Hundreds Feared Dead in Papua New Guinea Landslide


Unstable rubble and debris were complicating search and rescue efforts in rural Papua New Guinea on Saturday, a day after a massive landslide buried villages and killed at least three people. Local officials said the death toll was likely to be at least in the hundreds.

Nearly 4,000 people live in the three villages engulfed by the landslide early Friday, said Sandis Tsaka, the provincial administrator for Enga, which includes the affected area. He said the death toll was likely to be high because the landslide hit a densely populated area that is also a highly trafficked corridor.

“Our people will consider it of biblical proportions,” he said. “We are looking for all the help and support we can get to address the humanitarian disaster of proportions we’ve never seen in this part of the world.”
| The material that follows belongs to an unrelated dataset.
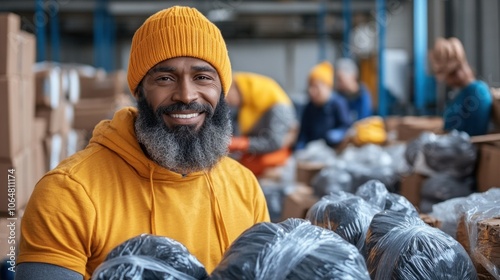 A man wearing an orange hoodie and yellow beanie smiles while packing goods in a busy warehouse. Team members work efficiently in the background among boxes and supplies photo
Three bodies were pulled out of the rubble on Friday, and five people, including a child, were treated for their injuries, according to Mr. Tsaka.
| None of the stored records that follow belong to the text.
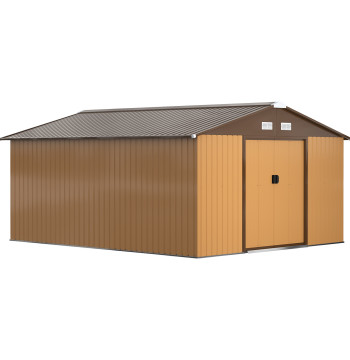 Riparatore da giardino metallico 340x386x200cm esterno per stoccaggio utensili con base di rinforzo chiusa 4 ventilazione finestra e porta del corridoio marrone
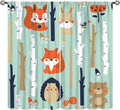 Cute Animals Curtains, Cartoon Fox Hedgehog Hare Forest Trees Blackout Window Treatments, Rod Pocket Thermal Insulated Drapes 2 Panel Sets for Kids Bedroom Nursery Classroom, 63" W X 72" L
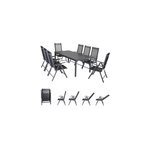 Salon de jardin bern 8 et 1 anthracite ensemble table et chaises pliables en alu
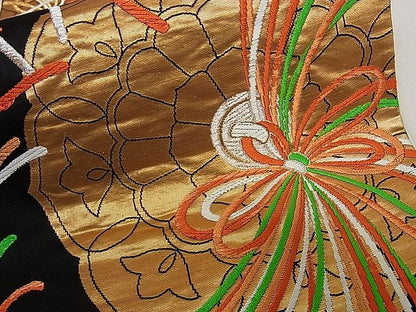 平和屋着物■六通柄袋帯 唐織 鏡裏花文 黒地 金銀糸 逸品 ha4547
The disaster struck around 3 a.m., catching most residents off guard and sending huge boulders, some larger than shipping containers, tumbling down. At least 60 homes were buried under as much as 20 feet of debris, Mr. Tsaka said. At least a 500-foot section of the Porgera Highway, the main thoroughfare connecting the area, was inundated, he said.

The landslide buried an area equivalent to about three or four soccer fields, said Serhan Aktoprak, the chief of mission for the International Organization for Migration’s office in Papua New Guinea. A humanitarian aid convoy, after some delays, reached the affected villages Saturday afternoon to deliver tarps and water, he said.

The villages are populated mostly by subsistence farmers and are in the highlands region of Papua New Guinea, an island nation in the Pacific Ocean north of Australia. The province has been afflicted in recent months by escalating deadly clashes between tribal groups.

The aid convoy was delayed by a blockade set up by one of the groups involved in the conflict, and was allowed through only after the military got involved, Mr. Aktoprak said, slowing relief efforts when time was critical. Daylight hours are getting shorter in the Southern Hemisphere, with the sun setting just before 6 p.m., he noted.

“Every minute that passes is basically shrinking our chances of reaching them alive,” he said.

Mr. Tsaka, the provincial official, said that the area was prone to smaller landslides, and in recent months, the weather had been continuously wet.

Heavy rain was forecast to continue pummeling the area in the coming days, further hampering rescue efforts. International organizations and the country’s defense forces were arriving to help, according to Mr. Tsaka.

President Biden said in a statement Friday that the United States was ready to aid in rescue and recovery efforts. Australia’s foreign minister, Penny Wong, also said in a statement that her country was ready to respond to requests for assistance.

Vincent Pyati, president of the local Community Development Association, said the area was a transport node where many came from remote areas overnight to catch public motor vehicles, a popular method of transit, probably adding to the toll. He said there was also a drinking club popular with people from all over the district.

Mr. Pyati said at least 300 people were estimated to have been killed.